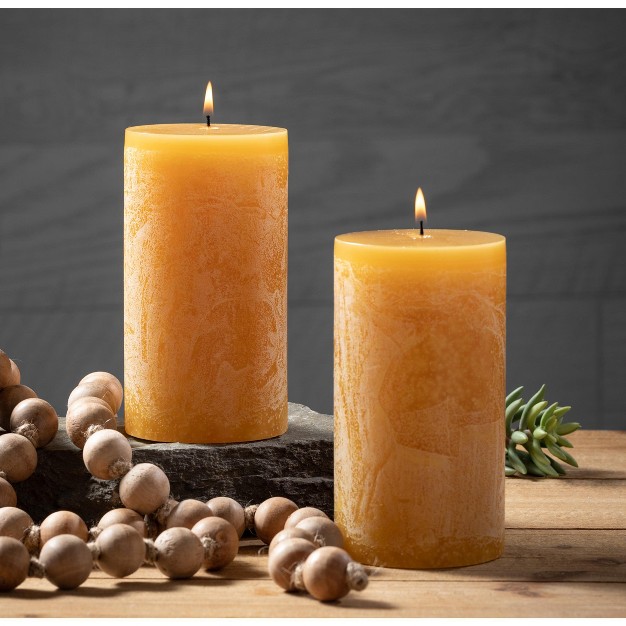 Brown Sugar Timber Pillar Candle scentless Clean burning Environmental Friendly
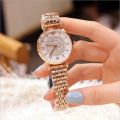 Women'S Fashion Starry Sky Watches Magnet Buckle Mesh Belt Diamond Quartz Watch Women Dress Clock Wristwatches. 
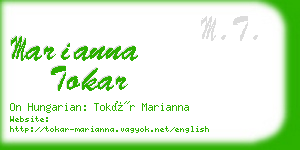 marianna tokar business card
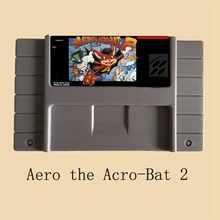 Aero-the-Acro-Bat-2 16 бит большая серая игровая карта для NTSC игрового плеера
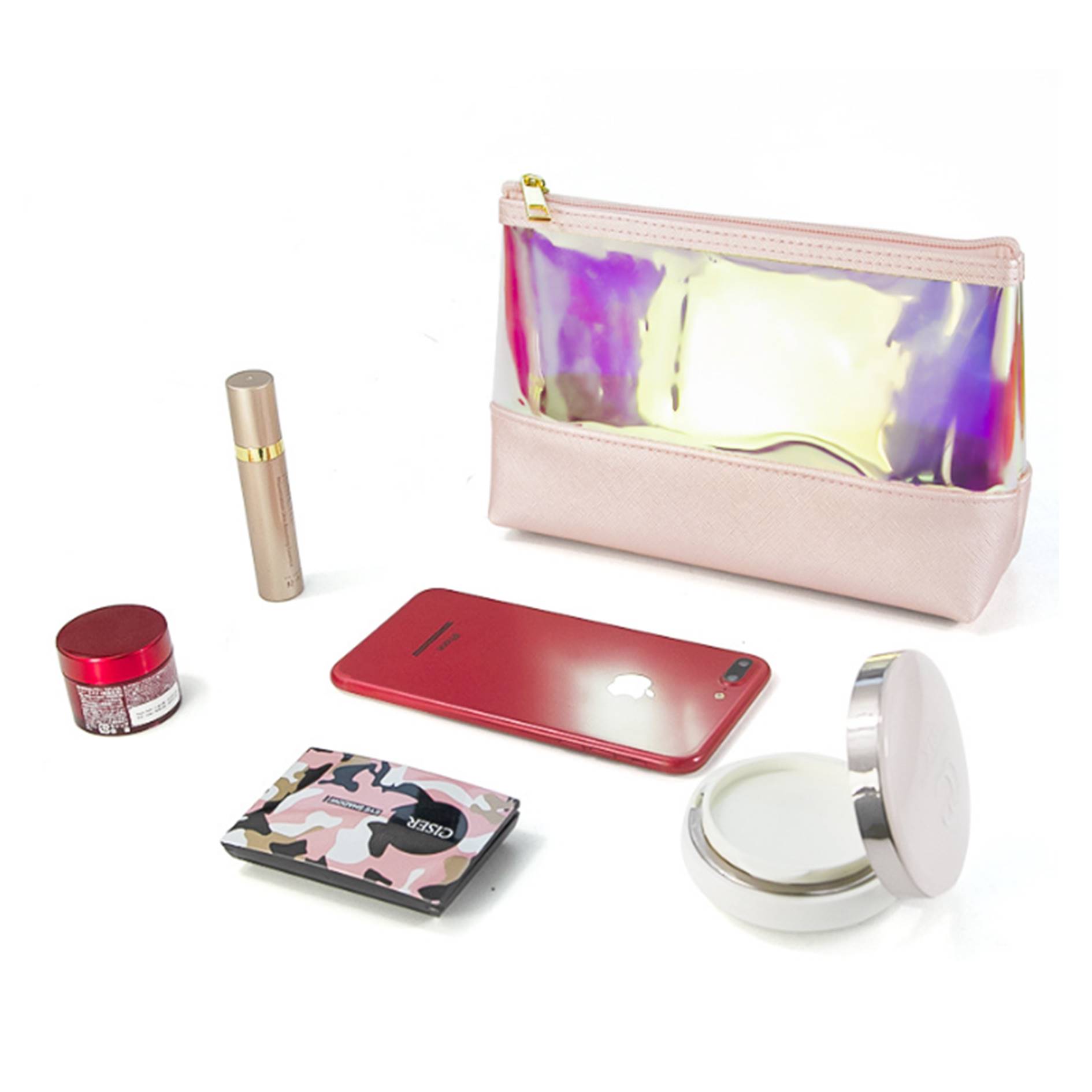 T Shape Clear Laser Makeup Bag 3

* * *

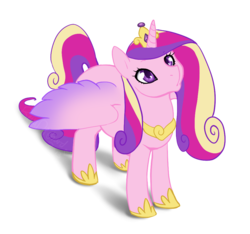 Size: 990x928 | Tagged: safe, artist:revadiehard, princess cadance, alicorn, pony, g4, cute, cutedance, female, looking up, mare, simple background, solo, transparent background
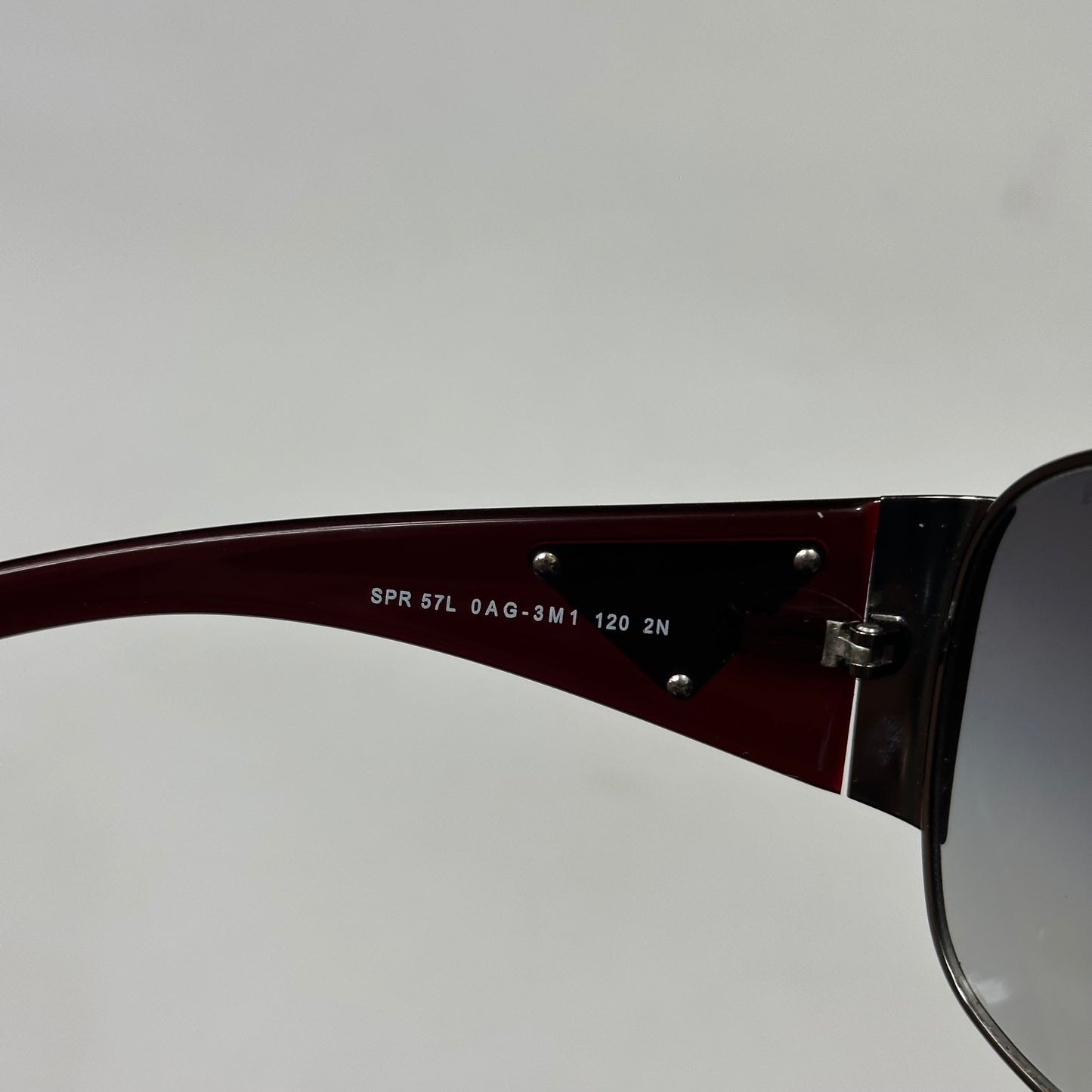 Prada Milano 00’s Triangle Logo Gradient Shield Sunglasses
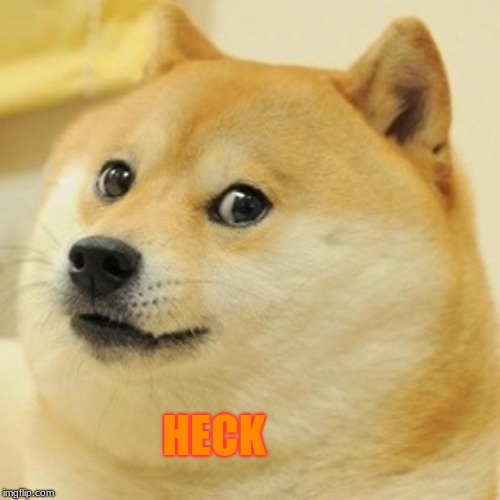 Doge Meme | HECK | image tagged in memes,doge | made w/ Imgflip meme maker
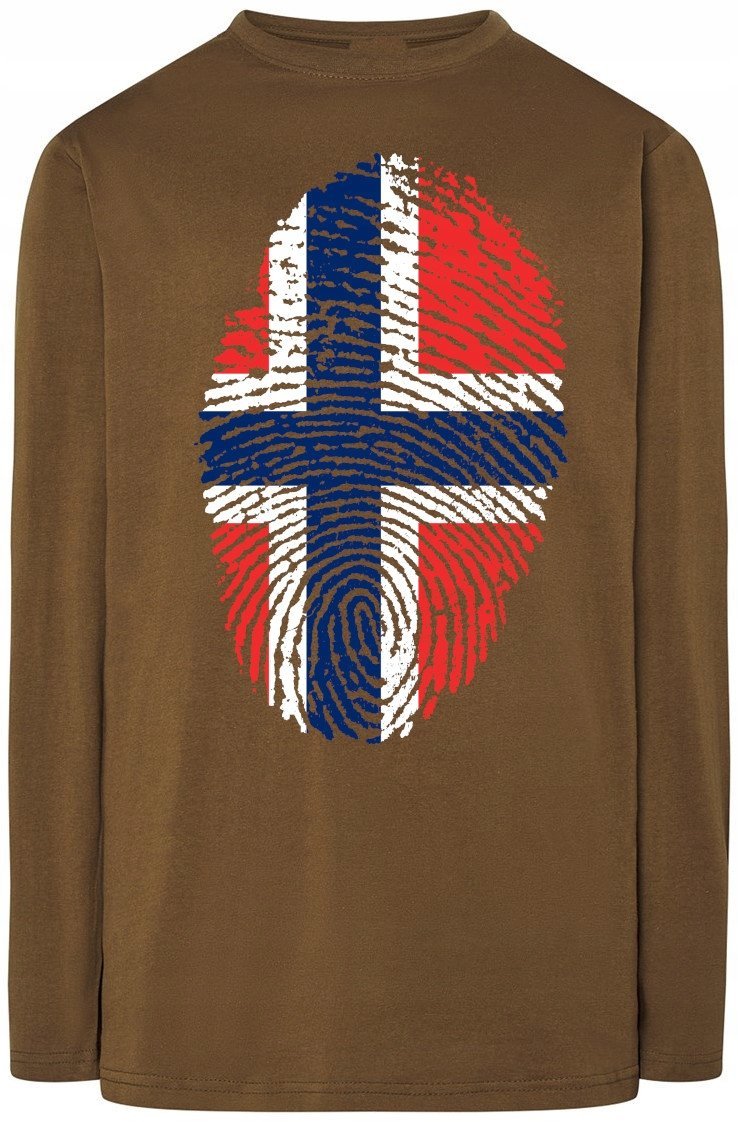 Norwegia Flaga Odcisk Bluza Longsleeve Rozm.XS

* * *

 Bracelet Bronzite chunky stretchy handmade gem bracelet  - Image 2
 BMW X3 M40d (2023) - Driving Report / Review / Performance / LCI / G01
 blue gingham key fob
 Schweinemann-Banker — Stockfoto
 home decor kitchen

WHAT THIS TASK INVOLVES -
Keep both end lines and retype everything in the records above from the line containing "Schweinemann-Banker — Stockfoto" through the line containing "home decor kitchen", exactly, with nothing else.

EXERCISE RESULT -
 Schweinemann-Banker — Stockfoto
 home decor kitchen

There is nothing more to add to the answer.